Home > Archives (2006 on) > 2019 > Crocodile Tears about Data Availability: A Tragic Story Never (...)

Mainstream, VOL LVII No 32 New Delhi July 27, 2019

Crocodile Tears about Data Availability: A Tragic Story Never Told

Saturday 27 July 2019

by Atanu Sengupta and Sanjoy De

Recently there has been much hue and cry regarding the publication of the National Sample Survey Organisation (NSSO) data. It has been a signed documentation of 108 eminent economists and social scientists that lay bare the supposed intention of the present Central Government in playing a hide-and-seek game with important information that the nation demands. The document was substantiated by similar withholding of important information in the field of employment generation, migration status and other such hallowed arenas. While it is true that there have been some covert exercises recently on the part of the government regarding some important data, it would be inappropriate to suppose that the previous governments were somehow indifferent or innocent babes in this regard.

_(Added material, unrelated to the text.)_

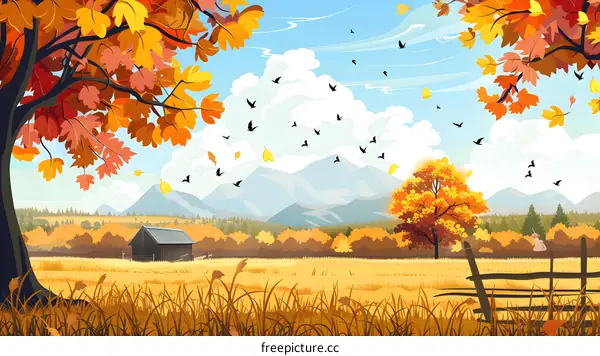 Autumn Landscape with Barn and Birds Flying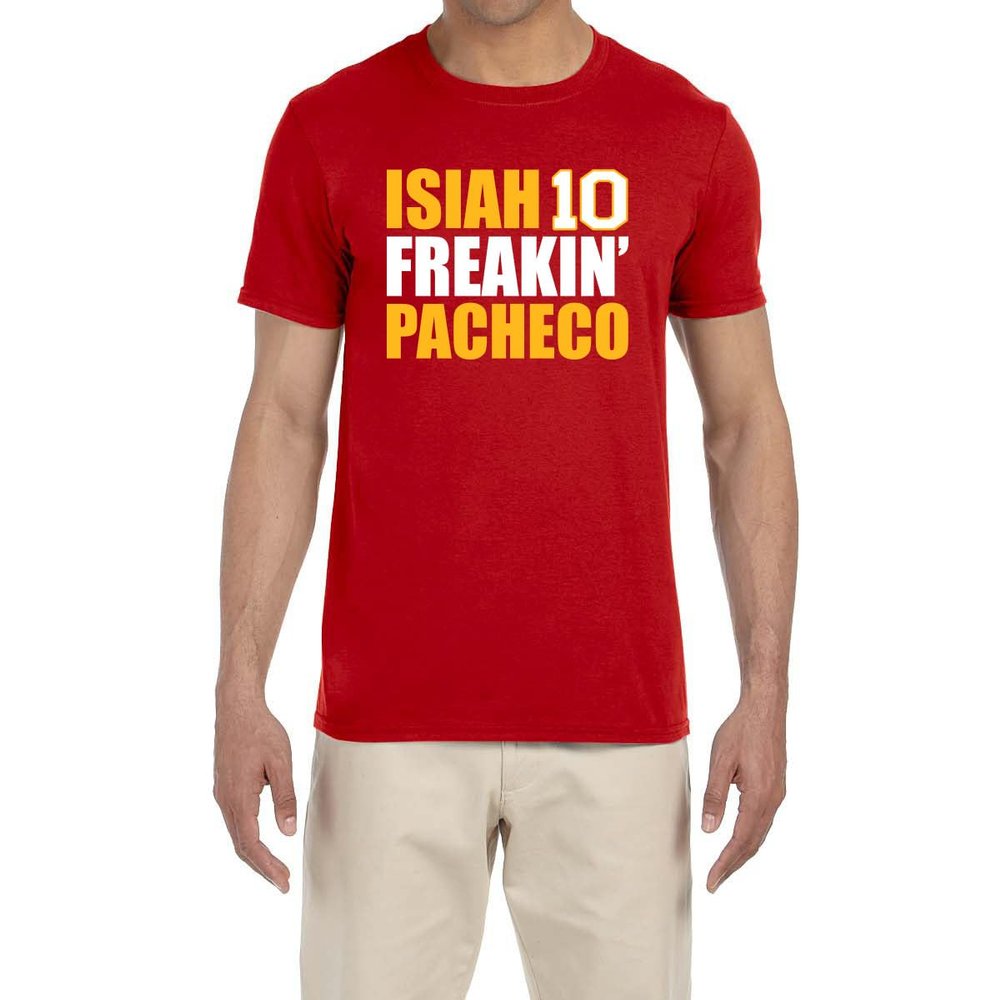 Red Isiah Pacheco Freakin Logo T-Shirt Youth XL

The story of data hiding and manipulation goes beyond ages. We have the agonistic version of the entire Bible discovered from the Jabal al-Tarif caves about 5 km north of the Egyptian town Nag Hammadi. This text gives a completely different perspective to the common discourse of the Bible. In the historical ages, we see instances of data manipulation and distortion. Banabhatta fails to mention the defeat of Harsha Vardhana at the hands of Pulakeshin II. However, the Aihole Inscription of Ravi Kirti at the Meguti temple mentions about the defeat of Harsha Vardhana by the Chalukya king Pulakeshin II. Down the line, the British version of India’s day-to-day life can provide little clue to the recurring famines. Even independent India is not immune to such distortions.

We will concentrate here on the deliberate distortion of agricultural data, particularly on the farm income and expenditure. Indian farmers generally cultivate a number of crops utilising various parts of their plots. They are also engaged in non-farming activities to augment their income. This was the aim of the original farm management survey exercise. The exercise concentrated on some select areas where the data is collected for a few years consequently. Under such a system, the complete cost structure of the farmers, including various crops cultivated, animal husbandry, non-farm businesses and other items were taken into account. The farm management survey also collected data on the socio-economic features of the farmers and their families.

The scheme was discontinued since the early 1970s. It was replaced by a new scheme— comprehensive cost of cultivation scheme. In this scheme, the cost of cultivation of various crops are collected and presented. A standard sample procedure is used to select tehsils and farmers. As Abhijit Sen and M S Bhatia (2004) argued that this data is available at the public domain for ready use. Data is available at the plot level too. It appears to be a rather rich data giving us plot level information for various crops across various states.

A close look at the data, however, sends shiver along our spine. The data we get gives plot level information on input and output of different crops. Also, cost is provided. But, this information is information of a dissected nature. Suppose we get the plot-level data for aman paddy in West Bengal. This data merely tells us about the technicalities of production and cost for the crop.

But Economics is not a technical science. It is a human science. We need to have information about the producers who produced these crops. The current data does not give us any information about the various crops that a cultivator cultivates besides paddy. It is true that the information on wheat or other crops is provided elsewhere, but we have no threads of information to identify and combine them. Also, we cannot learn about other crops that the farmers have cultivated if this crop is not listed in the comprehensive cost of cultivation scheme. Hence the information obtained through this domain is dissected and often meaningless.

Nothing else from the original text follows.